Supplied material →
-- Opening Marker --

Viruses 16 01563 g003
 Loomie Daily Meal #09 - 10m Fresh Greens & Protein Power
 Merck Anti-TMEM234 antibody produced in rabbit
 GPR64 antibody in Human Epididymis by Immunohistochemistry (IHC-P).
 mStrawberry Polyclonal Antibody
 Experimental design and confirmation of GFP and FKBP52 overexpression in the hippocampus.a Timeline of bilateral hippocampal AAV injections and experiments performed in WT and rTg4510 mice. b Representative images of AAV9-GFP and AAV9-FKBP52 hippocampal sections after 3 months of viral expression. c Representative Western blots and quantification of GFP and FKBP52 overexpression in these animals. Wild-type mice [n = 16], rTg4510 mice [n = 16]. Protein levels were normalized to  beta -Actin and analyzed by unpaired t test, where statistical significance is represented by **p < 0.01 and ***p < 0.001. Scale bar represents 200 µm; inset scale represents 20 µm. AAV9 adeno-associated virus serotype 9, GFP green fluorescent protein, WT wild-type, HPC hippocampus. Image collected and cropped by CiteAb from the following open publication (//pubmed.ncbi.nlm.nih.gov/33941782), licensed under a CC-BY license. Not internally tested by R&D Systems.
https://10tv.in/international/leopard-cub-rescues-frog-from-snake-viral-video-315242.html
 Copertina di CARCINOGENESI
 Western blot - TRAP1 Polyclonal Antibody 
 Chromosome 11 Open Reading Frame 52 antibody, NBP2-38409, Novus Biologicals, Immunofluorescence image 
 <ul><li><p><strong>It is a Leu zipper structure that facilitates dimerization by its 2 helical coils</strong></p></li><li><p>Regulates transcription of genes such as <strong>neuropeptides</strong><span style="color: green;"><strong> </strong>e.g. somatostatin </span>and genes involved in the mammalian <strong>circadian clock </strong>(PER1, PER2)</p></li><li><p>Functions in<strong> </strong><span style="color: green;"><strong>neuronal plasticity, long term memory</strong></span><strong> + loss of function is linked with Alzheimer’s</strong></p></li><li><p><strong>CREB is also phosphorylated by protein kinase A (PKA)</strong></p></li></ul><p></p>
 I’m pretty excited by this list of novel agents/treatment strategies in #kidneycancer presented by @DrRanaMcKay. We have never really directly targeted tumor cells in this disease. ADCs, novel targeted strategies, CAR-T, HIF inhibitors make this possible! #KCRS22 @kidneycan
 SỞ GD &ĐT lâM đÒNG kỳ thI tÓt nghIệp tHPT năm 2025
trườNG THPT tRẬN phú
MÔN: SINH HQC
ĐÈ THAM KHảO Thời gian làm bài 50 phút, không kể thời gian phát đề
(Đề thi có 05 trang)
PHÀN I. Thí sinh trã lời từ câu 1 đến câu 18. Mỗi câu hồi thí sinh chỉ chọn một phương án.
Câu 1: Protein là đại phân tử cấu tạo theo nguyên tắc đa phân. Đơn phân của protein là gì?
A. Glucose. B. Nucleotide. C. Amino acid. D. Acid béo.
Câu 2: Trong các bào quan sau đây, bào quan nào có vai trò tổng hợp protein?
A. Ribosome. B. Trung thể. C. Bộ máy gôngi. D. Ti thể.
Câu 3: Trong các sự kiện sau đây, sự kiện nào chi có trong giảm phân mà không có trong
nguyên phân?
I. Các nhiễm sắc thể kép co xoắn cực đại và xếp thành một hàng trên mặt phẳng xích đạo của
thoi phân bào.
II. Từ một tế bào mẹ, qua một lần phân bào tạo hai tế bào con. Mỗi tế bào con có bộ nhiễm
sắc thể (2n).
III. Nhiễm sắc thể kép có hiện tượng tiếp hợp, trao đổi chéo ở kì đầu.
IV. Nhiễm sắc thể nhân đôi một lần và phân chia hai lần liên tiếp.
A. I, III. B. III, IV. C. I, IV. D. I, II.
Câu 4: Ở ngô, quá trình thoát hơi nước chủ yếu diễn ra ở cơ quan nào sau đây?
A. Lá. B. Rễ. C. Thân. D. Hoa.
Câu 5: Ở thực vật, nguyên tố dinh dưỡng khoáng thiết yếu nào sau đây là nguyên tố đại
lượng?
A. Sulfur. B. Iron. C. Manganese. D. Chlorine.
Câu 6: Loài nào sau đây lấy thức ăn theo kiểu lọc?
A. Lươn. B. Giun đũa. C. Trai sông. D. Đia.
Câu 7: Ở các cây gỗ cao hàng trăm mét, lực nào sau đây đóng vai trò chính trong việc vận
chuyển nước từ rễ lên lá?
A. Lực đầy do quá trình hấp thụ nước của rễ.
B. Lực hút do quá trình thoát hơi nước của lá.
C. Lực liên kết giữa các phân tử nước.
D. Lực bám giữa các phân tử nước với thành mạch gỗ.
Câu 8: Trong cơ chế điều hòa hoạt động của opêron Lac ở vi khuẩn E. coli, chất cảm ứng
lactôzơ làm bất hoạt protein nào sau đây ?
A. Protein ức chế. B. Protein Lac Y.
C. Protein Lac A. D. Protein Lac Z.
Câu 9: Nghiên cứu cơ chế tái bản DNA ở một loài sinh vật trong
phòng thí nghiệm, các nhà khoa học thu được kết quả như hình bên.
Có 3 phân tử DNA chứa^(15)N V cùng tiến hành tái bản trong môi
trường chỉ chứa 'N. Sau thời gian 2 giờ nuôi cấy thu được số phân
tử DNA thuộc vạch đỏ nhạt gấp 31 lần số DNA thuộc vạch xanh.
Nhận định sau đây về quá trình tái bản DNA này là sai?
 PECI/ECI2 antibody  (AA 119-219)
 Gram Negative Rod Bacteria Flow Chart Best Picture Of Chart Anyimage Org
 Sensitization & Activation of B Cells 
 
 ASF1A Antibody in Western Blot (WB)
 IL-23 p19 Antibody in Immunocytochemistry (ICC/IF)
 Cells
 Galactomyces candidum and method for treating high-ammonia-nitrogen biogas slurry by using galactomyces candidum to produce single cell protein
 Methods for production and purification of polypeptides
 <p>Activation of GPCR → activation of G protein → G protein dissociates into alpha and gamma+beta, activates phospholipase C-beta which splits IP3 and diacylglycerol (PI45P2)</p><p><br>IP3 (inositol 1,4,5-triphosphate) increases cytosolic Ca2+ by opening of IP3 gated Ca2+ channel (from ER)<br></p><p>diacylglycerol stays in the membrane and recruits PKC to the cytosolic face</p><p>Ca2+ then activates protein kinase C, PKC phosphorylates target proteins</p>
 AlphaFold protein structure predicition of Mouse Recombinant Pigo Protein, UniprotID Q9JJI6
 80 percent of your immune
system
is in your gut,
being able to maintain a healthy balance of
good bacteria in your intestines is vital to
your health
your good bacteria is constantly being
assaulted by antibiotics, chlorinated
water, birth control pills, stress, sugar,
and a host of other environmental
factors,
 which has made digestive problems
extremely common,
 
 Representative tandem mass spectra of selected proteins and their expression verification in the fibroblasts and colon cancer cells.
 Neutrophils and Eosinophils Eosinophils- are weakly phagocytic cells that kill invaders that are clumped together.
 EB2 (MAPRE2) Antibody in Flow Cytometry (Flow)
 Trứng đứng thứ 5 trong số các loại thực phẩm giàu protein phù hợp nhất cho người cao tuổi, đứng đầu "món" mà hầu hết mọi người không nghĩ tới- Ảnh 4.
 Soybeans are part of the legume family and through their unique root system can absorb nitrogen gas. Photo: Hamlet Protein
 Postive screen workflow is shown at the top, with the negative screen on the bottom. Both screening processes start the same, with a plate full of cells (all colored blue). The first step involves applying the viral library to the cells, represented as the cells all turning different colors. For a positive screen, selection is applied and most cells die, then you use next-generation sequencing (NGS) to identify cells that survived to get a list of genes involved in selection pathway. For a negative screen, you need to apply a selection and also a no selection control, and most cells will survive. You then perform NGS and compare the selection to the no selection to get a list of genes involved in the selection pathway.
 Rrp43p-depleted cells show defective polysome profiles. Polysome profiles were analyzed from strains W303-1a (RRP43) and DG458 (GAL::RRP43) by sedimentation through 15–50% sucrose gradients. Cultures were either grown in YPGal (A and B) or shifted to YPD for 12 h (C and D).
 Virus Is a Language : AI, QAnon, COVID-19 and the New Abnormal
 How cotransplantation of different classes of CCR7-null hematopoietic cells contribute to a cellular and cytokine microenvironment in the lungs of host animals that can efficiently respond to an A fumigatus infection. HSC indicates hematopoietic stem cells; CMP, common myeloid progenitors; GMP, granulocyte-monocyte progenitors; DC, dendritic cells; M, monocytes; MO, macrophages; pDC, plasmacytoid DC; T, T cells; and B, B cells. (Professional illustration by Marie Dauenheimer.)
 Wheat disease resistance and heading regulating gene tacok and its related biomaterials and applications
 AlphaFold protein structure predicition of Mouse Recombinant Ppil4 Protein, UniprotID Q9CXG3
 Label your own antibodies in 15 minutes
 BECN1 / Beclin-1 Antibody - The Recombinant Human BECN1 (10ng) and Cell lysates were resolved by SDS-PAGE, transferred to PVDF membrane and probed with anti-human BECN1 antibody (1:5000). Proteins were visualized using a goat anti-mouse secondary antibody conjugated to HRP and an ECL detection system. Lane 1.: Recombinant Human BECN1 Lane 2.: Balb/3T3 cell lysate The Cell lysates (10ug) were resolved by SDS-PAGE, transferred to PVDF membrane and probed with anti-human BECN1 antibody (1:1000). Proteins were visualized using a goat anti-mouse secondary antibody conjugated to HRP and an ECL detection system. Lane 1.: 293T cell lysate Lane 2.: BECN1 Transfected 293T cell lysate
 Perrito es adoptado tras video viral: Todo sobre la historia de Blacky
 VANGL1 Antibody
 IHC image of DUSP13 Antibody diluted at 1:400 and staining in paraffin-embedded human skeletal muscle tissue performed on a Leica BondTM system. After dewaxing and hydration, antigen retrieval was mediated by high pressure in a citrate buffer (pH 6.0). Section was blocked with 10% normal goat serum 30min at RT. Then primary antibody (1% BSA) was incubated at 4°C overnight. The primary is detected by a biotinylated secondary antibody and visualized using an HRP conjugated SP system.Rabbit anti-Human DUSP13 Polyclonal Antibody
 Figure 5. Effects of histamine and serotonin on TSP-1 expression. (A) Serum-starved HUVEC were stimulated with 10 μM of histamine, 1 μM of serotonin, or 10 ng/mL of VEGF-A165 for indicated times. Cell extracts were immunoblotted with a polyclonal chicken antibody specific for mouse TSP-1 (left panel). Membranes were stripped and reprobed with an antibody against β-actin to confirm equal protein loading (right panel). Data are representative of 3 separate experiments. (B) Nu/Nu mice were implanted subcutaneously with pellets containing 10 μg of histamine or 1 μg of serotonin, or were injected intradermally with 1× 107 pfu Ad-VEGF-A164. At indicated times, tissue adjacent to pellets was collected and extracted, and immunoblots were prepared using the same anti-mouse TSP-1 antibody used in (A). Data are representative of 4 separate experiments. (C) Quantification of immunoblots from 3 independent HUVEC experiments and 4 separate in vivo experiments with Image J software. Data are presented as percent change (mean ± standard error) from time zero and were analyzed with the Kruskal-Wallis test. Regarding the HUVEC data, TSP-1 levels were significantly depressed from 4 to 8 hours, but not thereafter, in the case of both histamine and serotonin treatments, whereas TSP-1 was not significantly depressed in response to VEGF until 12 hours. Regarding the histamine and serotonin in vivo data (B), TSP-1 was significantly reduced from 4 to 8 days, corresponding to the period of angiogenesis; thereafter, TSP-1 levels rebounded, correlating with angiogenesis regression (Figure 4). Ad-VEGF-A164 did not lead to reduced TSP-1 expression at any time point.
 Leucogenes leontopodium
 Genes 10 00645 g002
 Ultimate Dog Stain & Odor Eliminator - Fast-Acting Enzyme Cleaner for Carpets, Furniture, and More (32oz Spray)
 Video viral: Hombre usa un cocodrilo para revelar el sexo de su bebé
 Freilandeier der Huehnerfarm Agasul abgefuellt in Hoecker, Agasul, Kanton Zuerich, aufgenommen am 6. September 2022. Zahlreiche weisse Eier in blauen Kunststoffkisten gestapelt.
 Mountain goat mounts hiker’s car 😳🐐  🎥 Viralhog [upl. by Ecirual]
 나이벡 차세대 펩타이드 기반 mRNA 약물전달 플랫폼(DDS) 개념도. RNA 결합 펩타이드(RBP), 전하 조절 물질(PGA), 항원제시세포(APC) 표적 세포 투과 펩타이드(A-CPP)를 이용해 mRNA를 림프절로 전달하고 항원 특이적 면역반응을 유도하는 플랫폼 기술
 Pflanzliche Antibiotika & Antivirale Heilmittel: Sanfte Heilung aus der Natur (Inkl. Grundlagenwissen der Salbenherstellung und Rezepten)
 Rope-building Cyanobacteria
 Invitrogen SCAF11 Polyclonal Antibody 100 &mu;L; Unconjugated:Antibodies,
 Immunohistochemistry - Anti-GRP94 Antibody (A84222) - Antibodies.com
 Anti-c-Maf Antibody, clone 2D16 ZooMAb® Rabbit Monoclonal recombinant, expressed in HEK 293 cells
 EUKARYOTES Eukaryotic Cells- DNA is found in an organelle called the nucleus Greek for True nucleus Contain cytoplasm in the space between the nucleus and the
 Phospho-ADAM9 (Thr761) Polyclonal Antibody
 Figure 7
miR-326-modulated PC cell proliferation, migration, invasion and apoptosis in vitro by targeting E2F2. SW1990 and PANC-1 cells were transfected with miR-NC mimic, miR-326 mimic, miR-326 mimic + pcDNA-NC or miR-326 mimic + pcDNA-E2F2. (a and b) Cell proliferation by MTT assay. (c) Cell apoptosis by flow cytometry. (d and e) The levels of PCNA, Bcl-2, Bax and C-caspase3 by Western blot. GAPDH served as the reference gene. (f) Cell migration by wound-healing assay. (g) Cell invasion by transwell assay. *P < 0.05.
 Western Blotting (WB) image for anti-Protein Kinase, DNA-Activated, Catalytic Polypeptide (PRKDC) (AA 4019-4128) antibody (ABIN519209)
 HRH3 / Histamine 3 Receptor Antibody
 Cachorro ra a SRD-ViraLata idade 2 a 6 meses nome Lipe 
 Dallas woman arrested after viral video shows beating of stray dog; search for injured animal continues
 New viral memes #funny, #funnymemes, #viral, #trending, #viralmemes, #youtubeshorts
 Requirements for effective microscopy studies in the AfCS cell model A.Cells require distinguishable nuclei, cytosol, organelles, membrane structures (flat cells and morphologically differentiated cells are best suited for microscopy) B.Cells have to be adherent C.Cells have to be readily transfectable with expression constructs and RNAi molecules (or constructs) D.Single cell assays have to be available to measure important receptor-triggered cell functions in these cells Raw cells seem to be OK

-- Closing Marker --

Please return exactly the lines from the opening line of the data above through the line with "mStrawberry Polyclonal Antibody", both included and nothing else.

Response →
Viruses 16 01563 g003
 Loomie Daily Meal #09 - 10m Fresh Greens & Protein Power
 Merck Anti-TMEM234 antibody produced in rabbit
 GPR64 antibody in Human Epididymis by Immunohistochemistry (IHC-P).
 mStrawberry Polyclonal Antibody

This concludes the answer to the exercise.